─── Given data ───

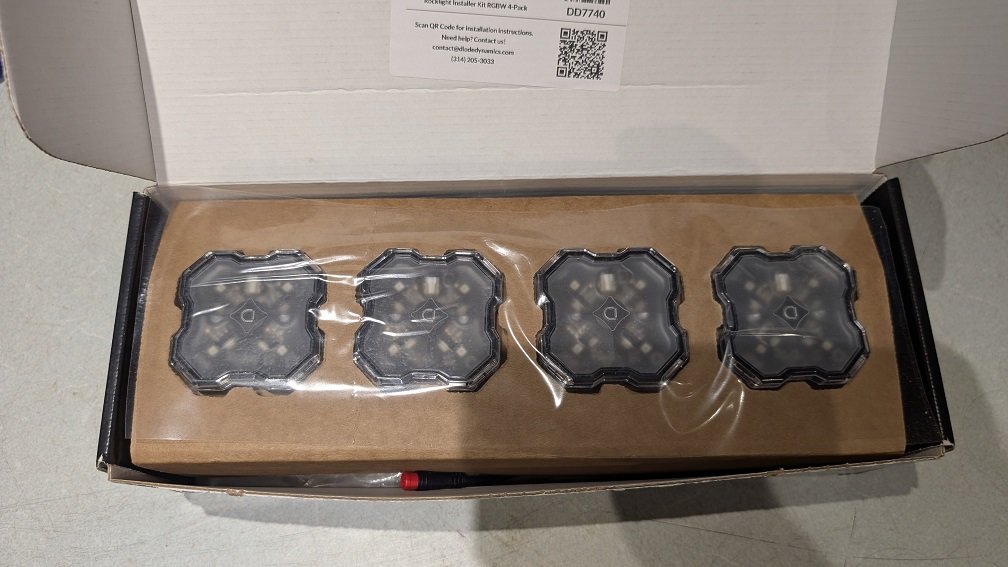 PXL_20250714_222252746.jpg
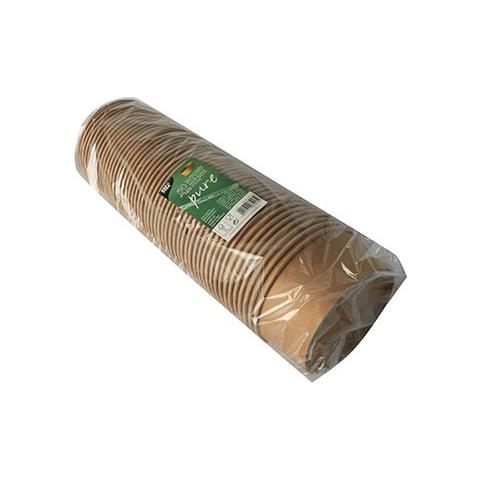 87913 piatto monouso Ciotola - Foto 2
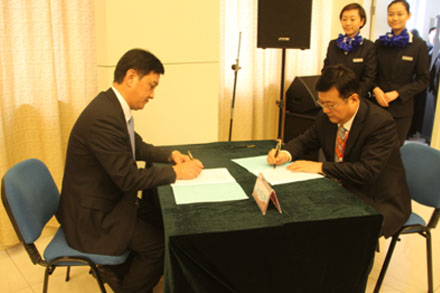 百乐博·blb(中国游)官方网站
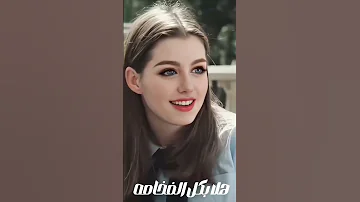 هلا بكل الفخامه جديد عثمان الشراري هلا بالزين 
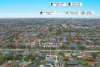 4 Thornbill Drive, Werribee, Vic 3030-Image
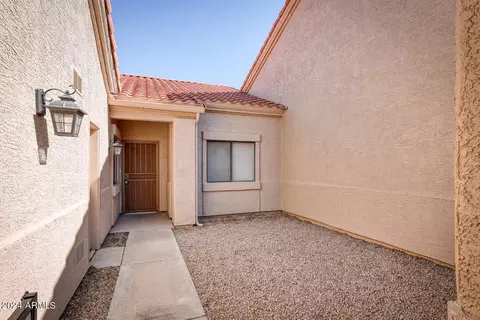 45 E 9th Pl #5, Mesa, AZ 85201 photo 3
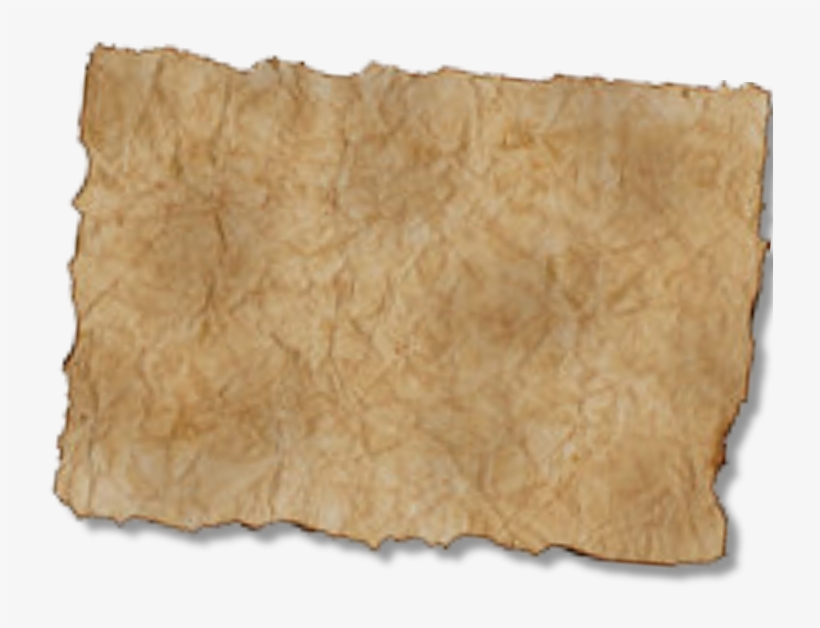 In 1966 Rudolf Heltzel Set Up And Led The Trail Blazing - Jewellery, transparent png download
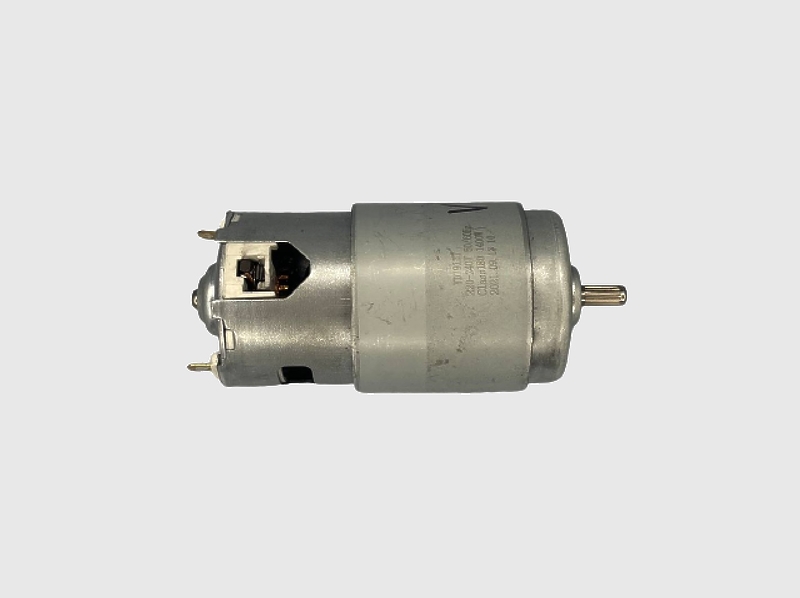 Двигатель (мотор) YD7912T для блендера Redmond Двигатель (мотор) YD7912T для блендера Redmond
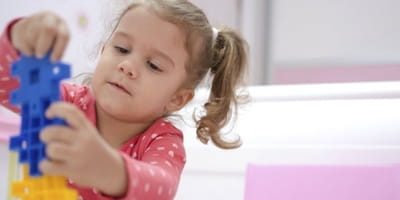 How to Help Your Children Observe, Understand, and Make Connections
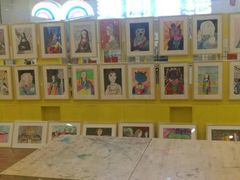 -光启城时尚购物中心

───

- [Work required]:
With the pictures left out, output the lines from the one containing "هلا بكل الفخامه" through the last line of the records above, exactly as they are.

- [Answer below]:
 هلا بكل الفخامه جديد عثمان الشراري هلا بالزين 
 4 Thornbill Drive, Werribee, Vic 3030-Image
 45 E 9th Pl #5, Mesa, AZ 85201 photo 3
 In 1966 Rudolf Heltzel Set Up And Led The Trail Blazing - Jewellery, transparent png download
 Двигатель (мотор) YD7912T для блендера Redmond Двигатель (мотор) YD7912T для блендера Redmond
 How to Help Your Children Observe, Understand, and Make Connections
 -光启城时尚购物中心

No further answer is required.